A comédia stand-up, do inglês stand-up comedy, é um tipo de espetáculo de humor na qual o humorista se faz valer de um próprio roteiro construído geralmente com base em suas observações e opiniões cotidianas expressadas para a plateia, e, muitas vezes, interage diretamente com a audiência. Os textos costumam variar em termos de assuntos e temas abordados, mas é recorrente, para alguns tipos de humoristas, que remontem à críticas e pontuações mordazes, mantendo o tom cômico por todo o tempo.

O gênero costuma ser protagonizado por homens, o que não é diferente para a comédia e o humor como um todo, nichos muitas vezes restritos para vozes masculinas. A provável razão por trás é, obviamente, uma cultura de entretenimento que começou a ser construída pela experiência, protagonismo e público masculino, o que, por muito tempo, teve como revés retirar os holofotes de talentos femininos. Por isso, muitas vezes somos levados a enxergar a comédia e o humor direcionadas a apenas uma perspectiva de gênero, quando o leque de opções é muito maior.
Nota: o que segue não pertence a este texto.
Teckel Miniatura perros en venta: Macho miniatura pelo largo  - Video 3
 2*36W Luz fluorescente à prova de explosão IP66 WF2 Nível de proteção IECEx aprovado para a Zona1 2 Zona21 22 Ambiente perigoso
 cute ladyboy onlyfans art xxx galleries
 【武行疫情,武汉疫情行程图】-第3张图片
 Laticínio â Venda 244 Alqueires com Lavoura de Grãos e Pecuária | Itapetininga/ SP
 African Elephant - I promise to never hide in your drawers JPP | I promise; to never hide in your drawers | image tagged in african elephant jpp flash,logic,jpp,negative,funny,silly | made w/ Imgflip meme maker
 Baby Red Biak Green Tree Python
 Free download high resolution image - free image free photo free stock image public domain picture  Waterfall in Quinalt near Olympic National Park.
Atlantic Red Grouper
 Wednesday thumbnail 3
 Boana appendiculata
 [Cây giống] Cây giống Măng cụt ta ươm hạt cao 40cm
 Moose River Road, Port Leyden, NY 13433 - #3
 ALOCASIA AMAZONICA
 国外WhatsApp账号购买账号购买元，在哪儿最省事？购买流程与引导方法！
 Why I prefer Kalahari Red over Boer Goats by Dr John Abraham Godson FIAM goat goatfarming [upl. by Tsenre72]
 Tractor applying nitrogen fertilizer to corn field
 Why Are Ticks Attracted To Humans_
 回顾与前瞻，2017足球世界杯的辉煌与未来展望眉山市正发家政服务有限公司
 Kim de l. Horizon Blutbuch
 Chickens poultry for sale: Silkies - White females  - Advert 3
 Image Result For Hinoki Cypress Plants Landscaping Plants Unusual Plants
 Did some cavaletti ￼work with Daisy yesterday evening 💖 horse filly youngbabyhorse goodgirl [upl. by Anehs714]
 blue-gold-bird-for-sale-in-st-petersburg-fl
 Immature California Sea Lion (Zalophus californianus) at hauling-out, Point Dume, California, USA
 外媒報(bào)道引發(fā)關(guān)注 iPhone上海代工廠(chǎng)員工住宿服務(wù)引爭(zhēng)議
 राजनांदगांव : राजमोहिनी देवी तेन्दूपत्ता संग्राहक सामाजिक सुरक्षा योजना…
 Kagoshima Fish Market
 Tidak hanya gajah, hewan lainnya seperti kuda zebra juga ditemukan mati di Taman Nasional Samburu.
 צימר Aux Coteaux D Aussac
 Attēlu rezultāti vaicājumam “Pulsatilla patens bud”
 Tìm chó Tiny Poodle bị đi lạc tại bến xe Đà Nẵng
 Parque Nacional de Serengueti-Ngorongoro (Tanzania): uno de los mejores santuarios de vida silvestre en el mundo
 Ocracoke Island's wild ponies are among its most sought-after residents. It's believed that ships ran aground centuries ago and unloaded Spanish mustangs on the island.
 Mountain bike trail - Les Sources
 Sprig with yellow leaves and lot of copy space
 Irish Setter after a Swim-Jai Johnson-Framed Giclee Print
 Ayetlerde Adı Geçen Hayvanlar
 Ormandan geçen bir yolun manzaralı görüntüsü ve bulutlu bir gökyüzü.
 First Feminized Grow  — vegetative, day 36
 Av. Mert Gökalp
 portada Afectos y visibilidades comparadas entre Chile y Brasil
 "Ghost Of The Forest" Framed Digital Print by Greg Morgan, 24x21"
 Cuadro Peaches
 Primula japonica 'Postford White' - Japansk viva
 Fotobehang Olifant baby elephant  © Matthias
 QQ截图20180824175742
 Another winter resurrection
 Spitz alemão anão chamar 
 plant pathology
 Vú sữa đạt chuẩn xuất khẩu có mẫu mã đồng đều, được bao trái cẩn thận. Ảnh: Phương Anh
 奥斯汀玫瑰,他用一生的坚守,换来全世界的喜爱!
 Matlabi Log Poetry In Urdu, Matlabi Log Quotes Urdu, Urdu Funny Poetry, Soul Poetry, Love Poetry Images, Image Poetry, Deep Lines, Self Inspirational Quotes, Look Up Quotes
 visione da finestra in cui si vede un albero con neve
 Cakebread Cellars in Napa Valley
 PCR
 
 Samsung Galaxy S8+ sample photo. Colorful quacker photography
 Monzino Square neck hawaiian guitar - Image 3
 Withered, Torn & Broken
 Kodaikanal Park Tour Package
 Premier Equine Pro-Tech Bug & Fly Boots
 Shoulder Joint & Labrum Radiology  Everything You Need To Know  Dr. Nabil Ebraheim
Assim, poderia citar talentos locais como Tatá Werneck e Dani Calabresa, a cada dia ganhando mais reconhecimento e espaço dentro do humor e entretenimento brasileiros. Ambas, também, já fizeram números de stand-up. Mas preferi fazer cinco indicações de humoristas com números de comédia disponíveis na Netflix, pela maior facilidade de acesso. A ironia, porém, de fazer uma resenha sobre números de humor é que não se pode passar pela crítica sua comicidade, mas ainda assim vale a recomendação:

revistaprosaversoearte.com - Mulheres no Humor: Stand-up comedy de protagonismo feminino - Clarice Lippmann

5 – Jen Kirkman – I’m Gonna Die Alone (and I feel fine)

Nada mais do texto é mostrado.